Microsoft has warned Google to steer clear of corporate search, declaring that the market is "our house".
"Enterprise search is our business, it's our house and Google is not going to take that business," said Kevin Turner, chief operating officer at Microsoft, addressing 7,000 delegates at the company's Worldwide Partner Conference in Boston.
"Those people are not going to be allowed to take food off our plate, because that is what they are intending to do."
The occasion was Turner's second appearance at a Microsoft conference since he joined the company from Wal-Mart 11 months ago.
Turner's tough talk followed Microsoft chief executive Steve Ballmer's declarations about the importance of search.

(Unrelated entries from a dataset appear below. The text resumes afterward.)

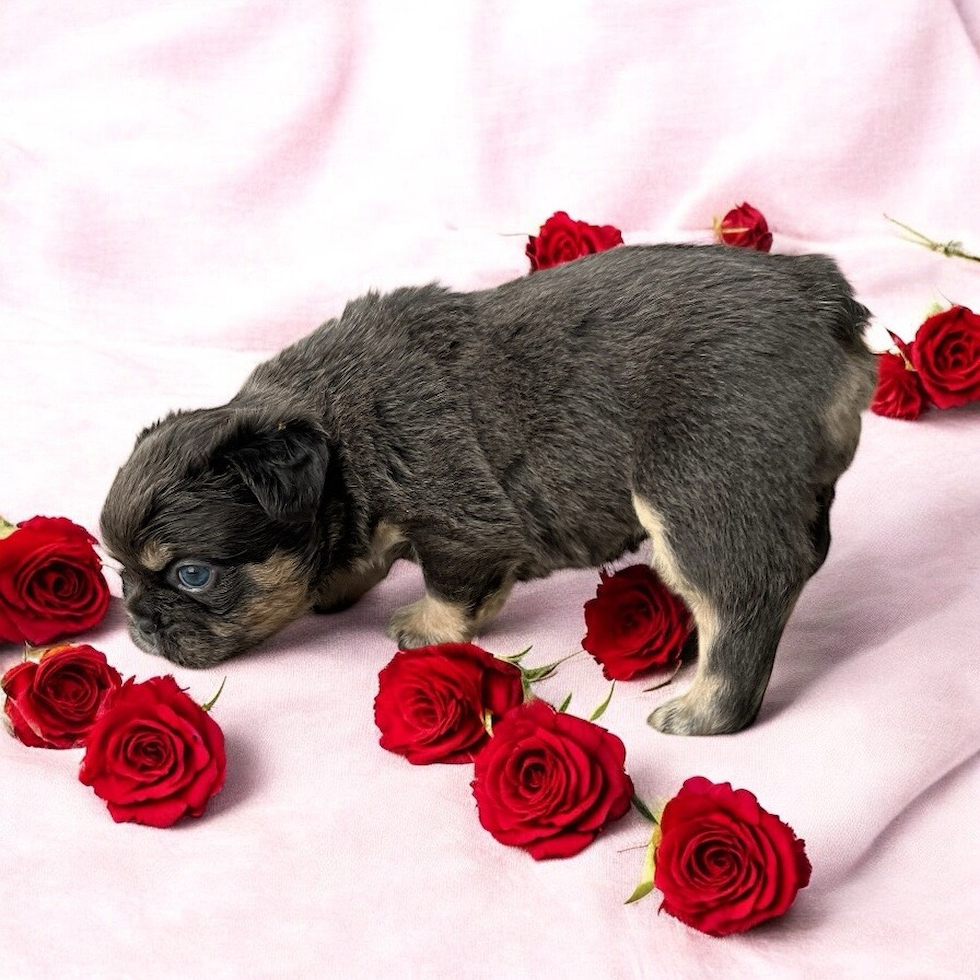 French Bulldog Puppy for Adoption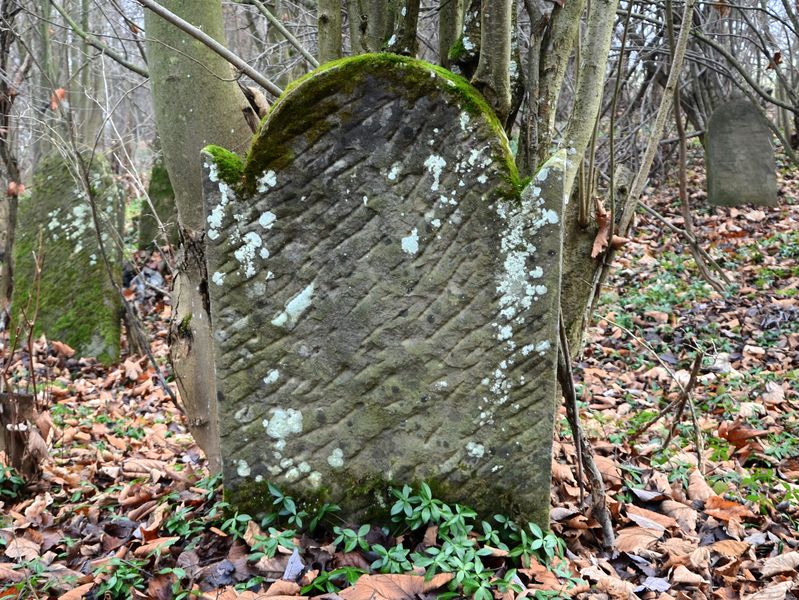 Židovský cintorín Vysoká n. K.
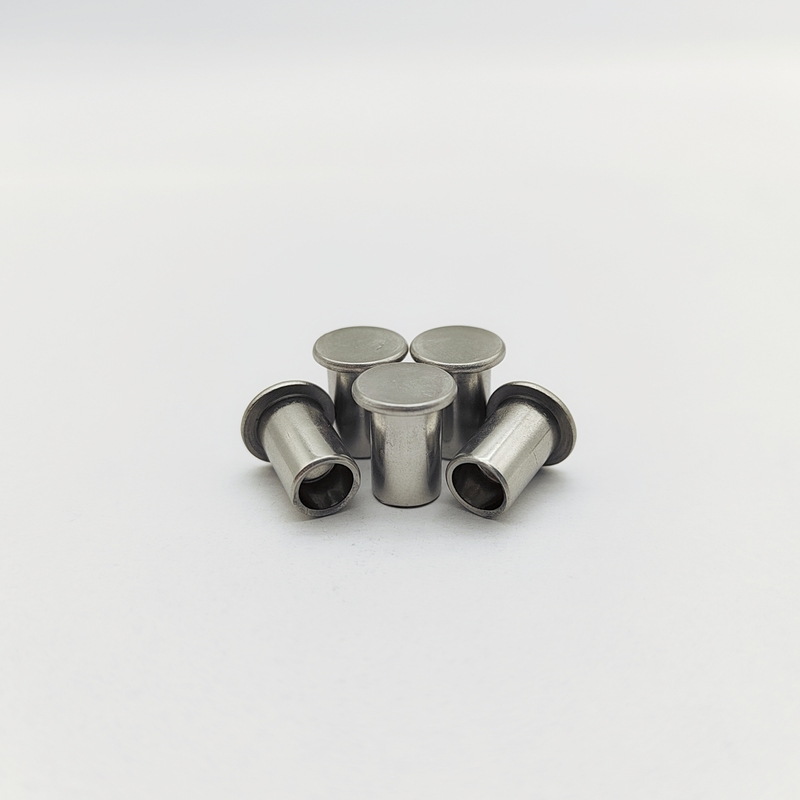 Rebites de acero inoxidable 316L de cabeza plana semitúbulos ISO 15977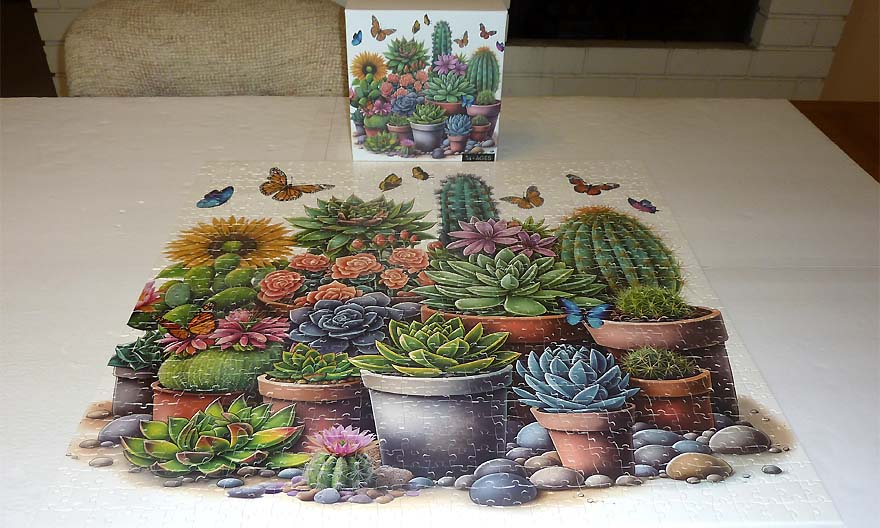Sunny Succulents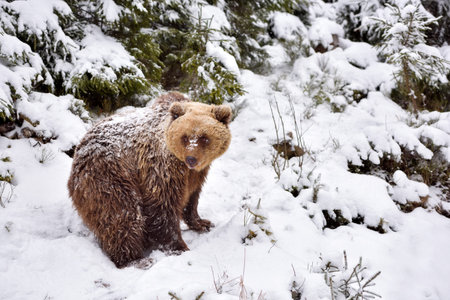 Wild brown bear (Ursus arctos) in winter forest. Natural habitat. Winter season.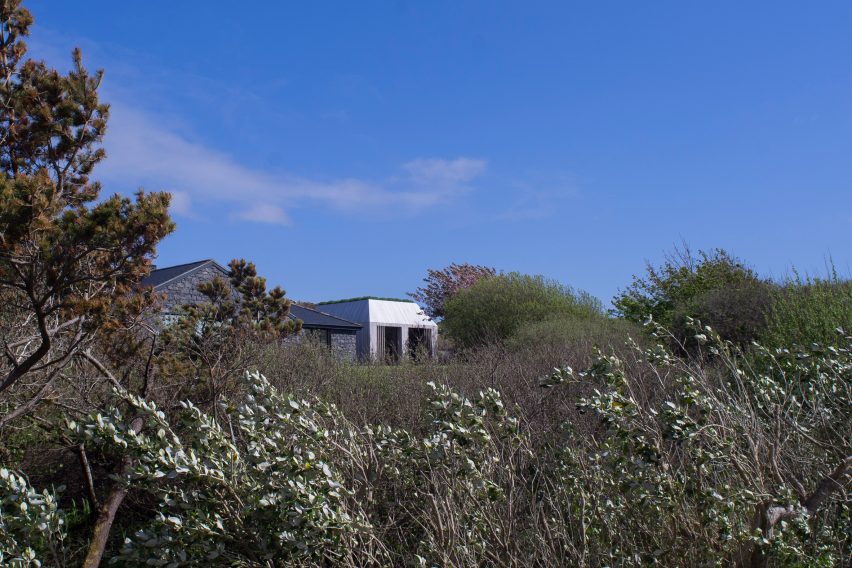 Library Lookout by Tierney Haines Architects
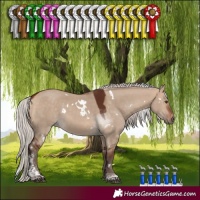 Horse Color:White Spotted Silver Bay Dun Tobiano
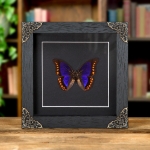Minibeast Orange-spotted Prepona In Baroque Style Frame (Prepona deiphile brooksiana)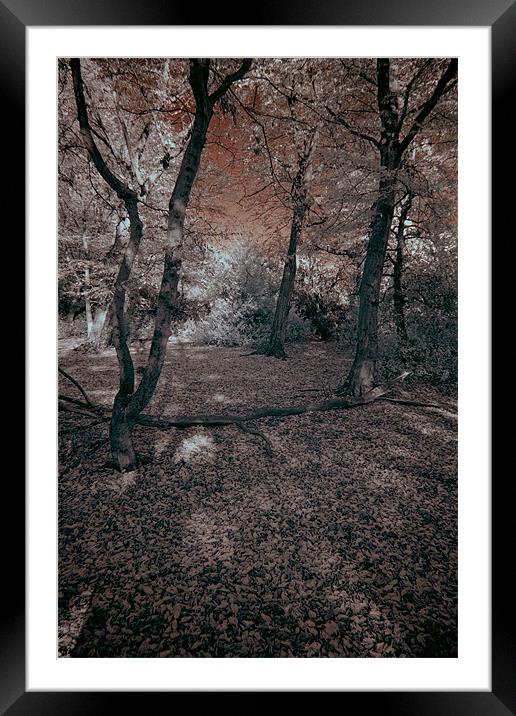 Colours of Infra Red Framed Mounted Print by Jayesh Gudka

"Search from the desktop to the enterprise to the internet is a business of great importance and a market of great importance to us," he said.
Ballmer added that the enterprise search market represents more than $13bn (£7.1bn), and that Microsoft has signed up 35 partners to focus on this area.
Microsoft and Google are following increasingly similar paths in the business software market.
New business tools such as Google Spreadsheets and Google Calendar are seen by some as a threat to Microsoft's desktop application business, and it seems that Redmond is losing patience.
In what some see as a response, Microsoft is channelling its energy and investment into developing corporate search tools.
For example, Windows Live Search Center, part of the upcoming Windows Vista operating system, will allow users to search data in Office and desktop system files.
As well as firing a warning shot at Google, Turner said that Microsoft is also gearing up to take on IBM and Oracle, among other competitors, with new products slated for launch in the next few months.